Exercise requirements>
Every entry is to be returned exactly as it stands; the pictures are to be dropped.

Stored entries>
■ ■ ■ ■ ■ ■ ■

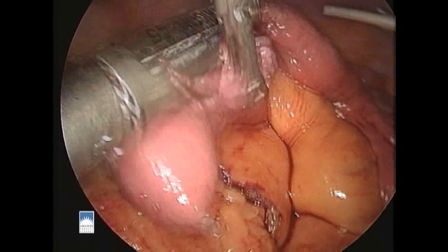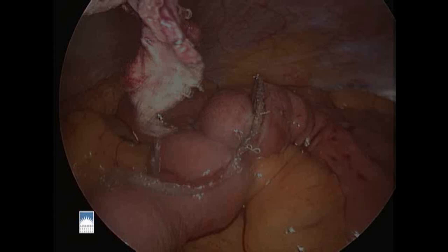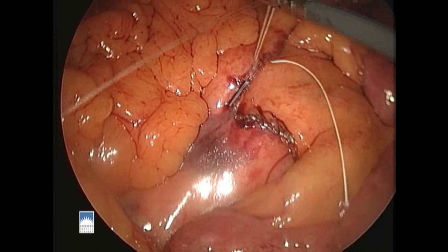We now have a single opening in the wall of the bowel and this is closed transversely with further firings of the stapler. We do this in a careful way so as not to narrow the openings of any of the loops of bowel. After placing a few clips along the staple line to help control oozing, we'll use a suture to close the gap in the fatty drape between the two loops of bowel where we've made our new anastomosis.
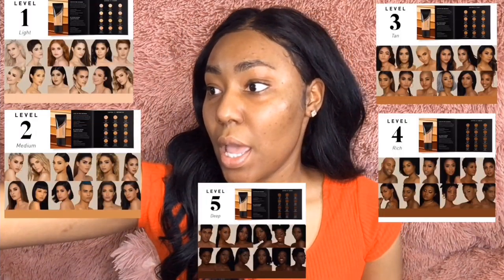Hey guys, welcome back to my channel! Today we're going to be reviewing the new Morphe Fluidity Foundation. So I'm going to start off reading what it says about the foundation. I got it from the Morphe store in Square One, Canada. It's called the Morphe Fluidity Full Coverage Foundation and it says it's 24-hour long wear, sweat proof, transfer resistant, and water resistant. It's free of oils, fragrance, and parabens, and it's great for all skin types.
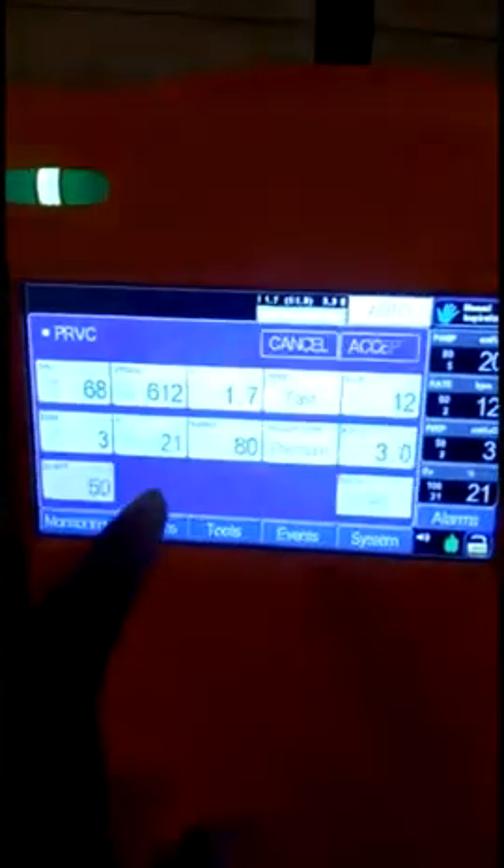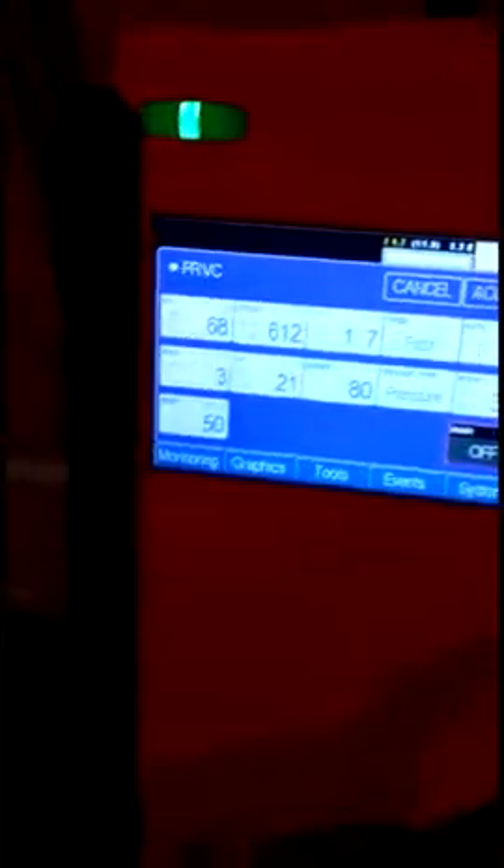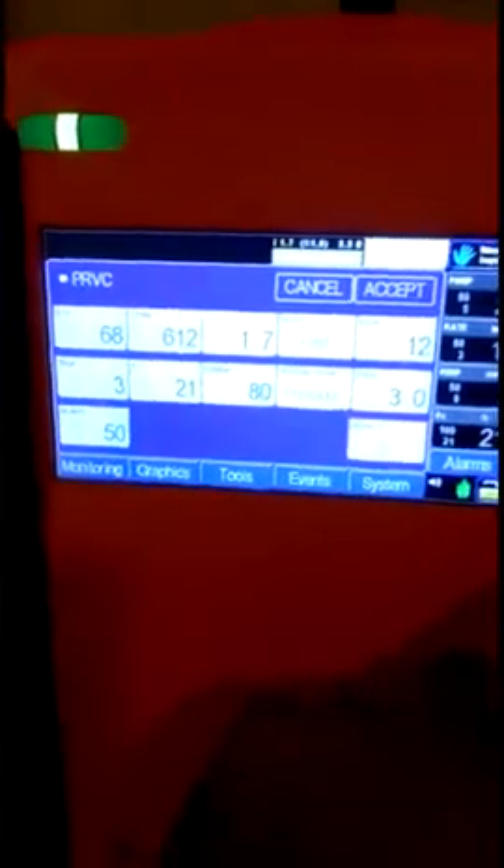For a quick start, you can simply set the patient weight from here and start the ventilator. According to the weight, it will set all the parameters accordingly.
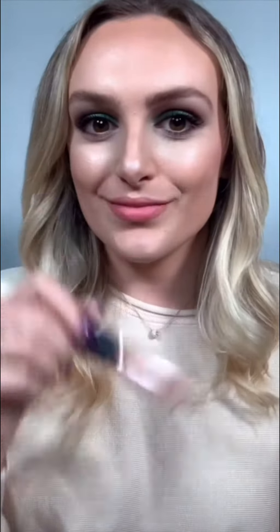And now for my lips, starting with Captive Lip Liner in Dusty Rose, and then Vinyl Liquid Lipstick in Merengue. This duo matches with every look.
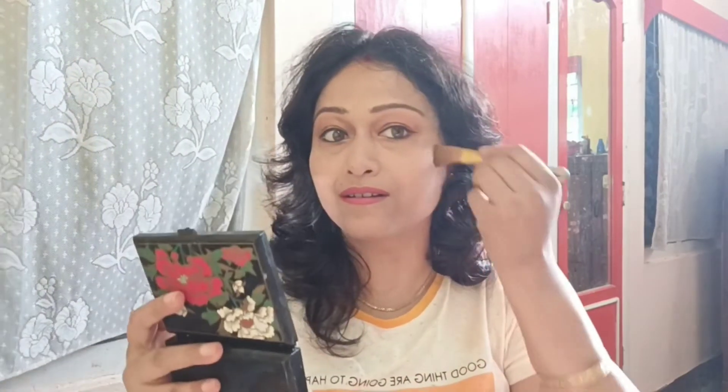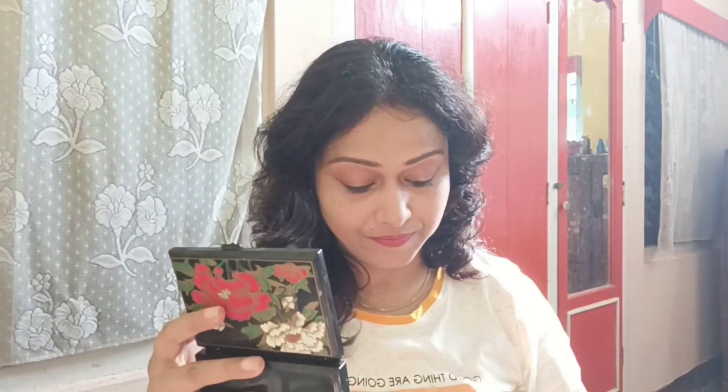I have a necklace like that. I think I can wear a necklace like that. I like a necklace like that.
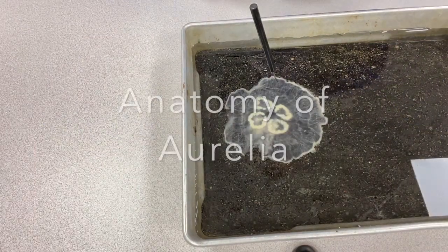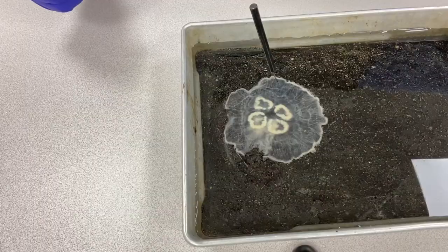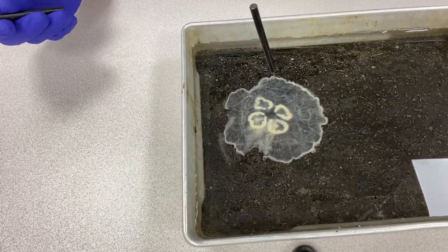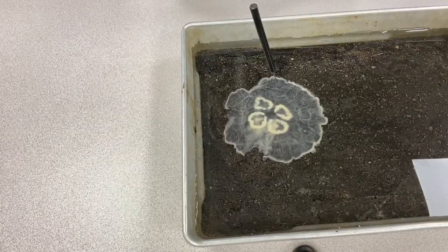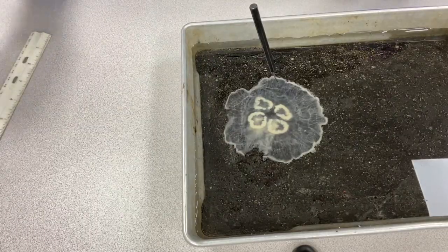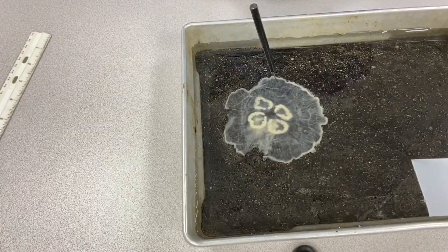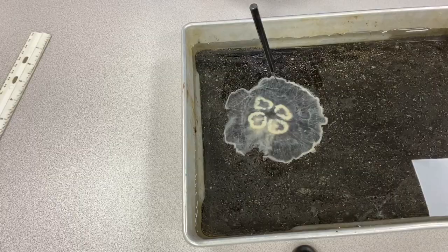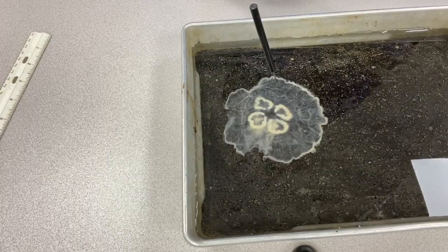In this video we're going to take a look at the scyphozoan adult medusa of the genus Aurelia. You can find a drawing and labeled structures of this animal on page 55 in the lab manual. I'm going to give you a walkthrough of some of the major parts and pieces of this animal that will help you understand what you're seeing in the lab manual.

■ ■ ■ ■ ■ ■ ■

Response box>
We now have a single opening in the wall of the bowel and this is closed transversely with further firings of the stapler. We do this in a careful way so as not to narrow the openings of any of the loops of bowel. After placing a few clips along the staple line to help control oozing, we'll use a suture to close the gap in the fatty drape between the two loops of bowel where we've made our new anastomosis.
Hey guys, welcome back to my channel! Today we're going to be reviewing the new Morphe Fluidity Foundation. So I'm going to start off reading what it says about the foundation. I got it from the Morphe store in Square One, Canada. It's called the Morphe Fluidity Full Coverage Foundation and it says it's 24-hour long wear, sweat proof, transfer resistant, and water resistant. It's free of oils, fragrance, and parabens, and it's great for all skin types.
For a quick start, you can simply set the patient weight from here and start the ventilator. According to the weight, it will set all the parameters accordingly.
And now for my lips, starting with Captive Lip Liner in Dusty Rose, and then Vinyl Liquid Lipstick in Merengue. This duo matches with every look.
I have a necklace like that. I think I can wear a necklace like that. I like a necklace like that.
In this video we're going to take a look at the scyphozoan adult medusa of the genus Aurelia. You can find a drawing and labeled structures of this animal on page 55 in the lab manual. I'm going to give you a walkthrough of some of the major parts and pieces of this animal that will help you understand what you're seeing in the lab manual.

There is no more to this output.